# What you have to do:
Once the line holding "Foods are pictured" is found in the listing below, write it out and each later line exactly, up to and including the one holding "C.P. Company 30/2".

# Extracted records:
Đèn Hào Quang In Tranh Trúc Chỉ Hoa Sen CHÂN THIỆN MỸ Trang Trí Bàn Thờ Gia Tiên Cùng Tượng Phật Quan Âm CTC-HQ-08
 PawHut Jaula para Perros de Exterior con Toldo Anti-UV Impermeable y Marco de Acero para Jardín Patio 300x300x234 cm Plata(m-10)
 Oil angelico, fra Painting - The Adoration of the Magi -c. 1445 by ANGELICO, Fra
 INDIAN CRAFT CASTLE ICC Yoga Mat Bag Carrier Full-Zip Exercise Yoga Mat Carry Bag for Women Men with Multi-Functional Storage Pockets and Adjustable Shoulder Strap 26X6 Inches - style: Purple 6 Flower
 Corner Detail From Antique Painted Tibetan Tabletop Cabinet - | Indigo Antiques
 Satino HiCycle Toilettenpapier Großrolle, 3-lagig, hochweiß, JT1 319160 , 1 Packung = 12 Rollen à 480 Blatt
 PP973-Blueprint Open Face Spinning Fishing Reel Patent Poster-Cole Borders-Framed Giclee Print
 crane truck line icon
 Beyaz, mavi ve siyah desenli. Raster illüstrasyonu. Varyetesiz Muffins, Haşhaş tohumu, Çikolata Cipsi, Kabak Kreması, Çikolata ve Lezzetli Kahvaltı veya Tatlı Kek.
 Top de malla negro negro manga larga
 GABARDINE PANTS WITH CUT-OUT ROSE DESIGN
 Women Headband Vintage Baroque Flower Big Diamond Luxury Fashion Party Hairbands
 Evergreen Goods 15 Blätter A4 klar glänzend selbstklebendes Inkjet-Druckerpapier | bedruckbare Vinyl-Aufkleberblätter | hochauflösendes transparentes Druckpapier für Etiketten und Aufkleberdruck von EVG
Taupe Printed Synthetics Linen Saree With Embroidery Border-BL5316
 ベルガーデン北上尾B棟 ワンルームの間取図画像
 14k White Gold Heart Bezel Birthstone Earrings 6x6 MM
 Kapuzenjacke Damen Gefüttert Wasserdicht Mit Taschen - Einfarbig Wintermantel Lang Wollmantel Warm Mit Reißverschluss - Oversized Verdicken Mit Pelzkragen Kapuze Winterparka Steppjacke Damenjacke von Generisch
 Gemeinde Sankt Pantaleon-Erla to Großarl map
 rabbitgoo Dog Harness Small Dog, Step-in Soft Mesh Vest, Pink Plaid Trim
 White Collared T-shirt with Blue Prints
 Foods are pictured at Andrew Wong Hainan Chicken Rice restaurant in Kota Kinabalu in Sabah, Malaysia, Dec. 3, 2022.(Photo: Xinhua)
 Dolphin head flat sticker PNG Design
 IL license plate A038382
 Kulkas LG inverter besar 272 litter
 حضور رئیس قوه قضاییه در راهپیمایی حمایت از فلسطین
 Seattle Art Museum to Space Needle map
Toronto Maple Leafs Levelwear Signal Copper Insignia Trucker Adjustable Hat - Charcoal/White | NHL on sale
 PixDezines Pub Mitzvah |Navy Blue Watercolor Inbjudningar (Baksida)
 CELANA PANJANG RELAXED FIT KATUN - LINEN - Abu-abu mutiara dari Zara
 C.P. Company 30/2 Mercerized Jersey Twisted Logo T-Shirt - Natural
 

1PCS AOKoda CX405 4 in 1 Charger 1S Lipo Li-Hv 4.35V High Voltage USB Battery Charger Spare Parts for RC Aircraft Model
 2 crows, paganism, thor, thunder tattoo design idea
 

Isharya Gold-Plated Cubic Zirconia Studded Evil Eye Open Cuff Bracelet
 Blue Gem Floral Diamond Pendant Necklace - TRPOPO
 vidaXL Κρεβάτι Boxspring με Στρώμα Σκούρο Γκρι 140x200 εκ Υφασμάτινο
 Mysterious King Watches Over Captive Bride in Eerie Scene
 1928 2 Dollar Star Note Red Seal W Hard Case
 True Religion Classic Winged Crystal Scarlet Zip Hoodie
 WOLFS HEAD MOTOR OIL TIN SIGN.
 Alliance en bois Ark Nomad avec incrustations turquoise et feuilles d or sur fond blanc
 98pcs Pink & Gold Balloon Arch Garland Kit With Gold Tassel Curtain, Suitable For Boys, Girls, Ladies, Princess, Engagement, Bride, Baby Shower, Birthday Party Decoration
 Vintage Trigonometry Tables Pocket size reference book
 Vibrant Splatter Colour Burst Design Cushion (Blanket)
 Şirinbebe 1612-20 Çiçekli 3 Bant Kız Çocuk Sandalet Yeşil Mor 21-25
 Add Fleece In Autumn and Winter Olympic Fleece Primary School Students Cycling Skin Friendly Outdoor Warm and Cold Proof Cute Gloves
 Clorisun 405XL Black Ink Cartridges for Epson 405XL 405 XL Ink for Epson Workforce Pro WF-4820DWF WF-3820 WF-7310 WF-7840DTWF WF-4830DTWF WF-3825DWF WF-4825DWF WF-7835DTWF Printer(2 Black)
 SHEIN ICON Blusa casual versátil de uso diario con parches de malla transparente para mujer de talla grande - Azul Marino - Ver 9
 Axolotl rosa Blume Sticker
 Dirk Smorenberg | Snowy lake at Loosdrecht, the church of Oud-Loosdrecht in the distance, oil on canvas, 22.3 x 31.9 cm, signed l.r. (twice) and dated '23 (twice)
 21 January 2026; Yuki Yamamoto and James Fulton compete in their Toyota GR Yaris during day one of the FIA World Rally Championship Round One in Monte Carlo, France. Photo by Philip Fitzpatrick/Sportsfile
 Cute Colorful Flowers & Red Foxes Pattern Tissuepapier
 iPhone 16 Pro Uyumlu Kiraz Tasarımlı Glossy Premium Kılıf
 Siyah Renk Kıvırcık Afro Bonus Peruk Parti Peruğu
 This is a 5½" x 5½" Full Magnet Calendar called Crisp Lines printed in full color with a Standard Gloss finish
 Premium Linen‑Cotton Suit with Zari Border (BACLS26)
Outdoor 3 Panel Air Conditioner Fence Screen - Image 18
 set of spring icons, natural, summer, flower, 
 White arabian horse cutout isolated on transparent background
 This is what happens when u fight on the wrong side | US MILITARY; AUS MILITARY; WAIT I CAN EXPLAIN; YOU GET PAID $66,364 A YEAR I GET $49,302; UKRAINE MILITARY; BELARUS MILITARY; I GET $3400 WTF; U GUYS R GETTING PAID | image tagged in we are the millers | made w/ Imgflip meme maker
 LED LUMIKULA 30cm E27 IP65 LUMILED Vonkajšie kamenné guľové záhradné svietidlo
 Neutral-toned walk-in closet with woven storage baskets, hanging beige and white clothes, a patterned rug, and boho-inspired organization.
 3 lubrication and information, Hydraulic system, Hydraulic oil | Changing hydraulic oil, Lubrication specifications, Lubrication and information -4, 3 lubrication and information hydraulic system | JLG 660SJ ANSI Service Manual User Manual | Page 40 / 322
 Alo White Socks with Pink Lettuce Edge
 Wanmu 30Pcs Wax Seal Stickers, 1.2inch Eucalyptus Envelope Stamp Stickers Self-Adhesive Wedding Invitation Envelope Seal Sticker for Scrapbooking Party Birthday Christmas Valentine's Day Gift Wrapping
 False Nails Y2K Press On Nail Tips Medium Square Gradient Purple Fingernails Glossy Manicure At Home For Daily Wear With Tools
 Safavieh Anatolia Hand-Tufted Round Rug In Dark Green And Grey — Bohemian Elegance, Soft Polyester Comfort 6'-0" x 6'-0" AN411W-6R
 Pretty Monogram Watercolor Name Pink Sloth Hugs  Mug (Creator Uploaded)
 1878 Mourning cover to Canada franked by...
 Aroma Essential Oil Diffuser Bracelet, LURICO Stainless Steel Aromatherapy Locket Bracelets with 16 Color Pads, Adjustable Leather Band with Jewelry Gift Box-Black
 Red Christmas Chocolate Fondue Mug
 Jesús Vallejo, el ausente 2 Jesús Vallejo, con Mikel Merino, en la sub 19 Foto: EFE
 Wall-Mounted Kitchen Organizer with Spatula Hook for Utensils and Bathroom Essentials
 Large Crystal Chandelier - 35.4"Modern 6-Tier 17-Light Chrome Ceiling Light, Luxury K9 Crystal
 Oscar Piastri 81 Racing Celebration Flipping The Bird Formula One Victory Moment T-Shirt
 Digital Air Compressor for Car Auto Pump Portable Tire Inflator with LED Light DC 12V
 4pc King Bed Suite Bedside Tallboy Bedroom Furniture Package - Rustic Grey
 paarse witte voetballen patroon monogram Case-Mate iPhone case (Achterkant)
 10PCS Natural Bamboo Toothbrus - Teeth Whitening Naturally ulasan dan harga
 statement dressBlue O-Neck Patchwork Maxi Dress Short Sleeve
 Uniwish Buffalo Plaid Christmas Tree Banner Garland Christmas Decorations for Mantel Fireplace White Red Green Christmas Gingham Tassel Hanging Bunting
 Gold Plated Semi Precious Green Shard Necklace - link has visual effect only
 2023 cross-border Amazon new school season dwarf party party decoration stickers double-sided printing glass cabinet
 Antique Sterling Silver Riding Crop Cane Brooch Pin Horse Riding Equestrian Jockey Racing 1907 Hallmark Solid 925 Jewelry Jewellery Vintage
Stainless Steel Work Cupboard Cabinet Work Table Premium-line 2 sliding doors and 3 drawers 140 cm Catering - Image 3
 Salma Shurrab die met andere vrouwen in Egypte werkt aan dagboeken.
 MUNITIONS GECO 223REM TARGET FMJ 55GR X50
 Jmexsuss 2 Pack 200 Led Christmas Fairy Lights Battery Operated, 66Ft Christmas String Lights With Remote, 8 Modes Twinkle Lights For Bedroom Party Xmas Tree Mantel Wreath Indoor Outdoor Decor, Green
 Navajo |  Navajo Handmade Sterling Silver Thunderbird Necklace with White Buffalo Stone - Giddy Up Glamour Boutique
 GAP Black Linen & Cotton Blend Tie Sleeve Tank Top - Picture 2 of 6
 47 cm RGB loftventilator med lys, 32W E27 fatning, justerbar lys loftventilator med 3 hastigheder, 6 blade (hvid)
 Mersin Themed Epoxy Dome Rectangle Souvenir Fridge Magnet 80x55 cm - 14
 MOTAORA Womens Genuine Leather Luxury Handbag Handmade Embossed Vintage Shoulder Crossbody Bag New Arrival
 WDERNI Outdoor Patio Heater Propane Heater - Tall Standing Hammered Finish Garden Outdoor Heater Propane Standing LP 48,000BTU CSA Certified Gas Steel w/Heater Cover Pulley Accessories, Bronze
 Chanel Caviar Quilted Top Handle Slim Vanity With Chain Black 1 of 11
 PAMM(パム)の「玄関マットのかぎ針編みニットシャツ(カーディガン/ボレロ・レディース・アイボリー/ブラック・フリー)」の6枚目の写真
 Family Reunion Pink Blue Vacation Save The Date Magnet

# Answer to the problem:
 Foods are pictured at Andrew Wong Hainan Chicken Rice restaurant in Kota Kinabalu in Sabah, Malaysia, Dec. 3, 2022.(Photo: Xinhua)
 Dolphin head flat sticker PNG Design
 IL license plate A038382
 Kulkas LG inverter besar 272 litter
 حضور رئیس قوه قضاییه در راهپیمایی حمایت از فلسطین
 Seattle Art Museum to Space Needle map
Toronto Maple Leafs Levelwear Signal Copper Insignia Trucker Adjustable Hat - Charcoal/White | NHL on sale
 PixDezines Pub Mitzvah |Navy Blue Watercolor Inbjudningar (Baksida)
 CELANA PANJANG RELAXED FIT KATUN - LINEN - Abu-abu mutiara dari Zara
 C.P. Company 30/2 Mercerized Jersey Twisted Logo T-Shirt - Natural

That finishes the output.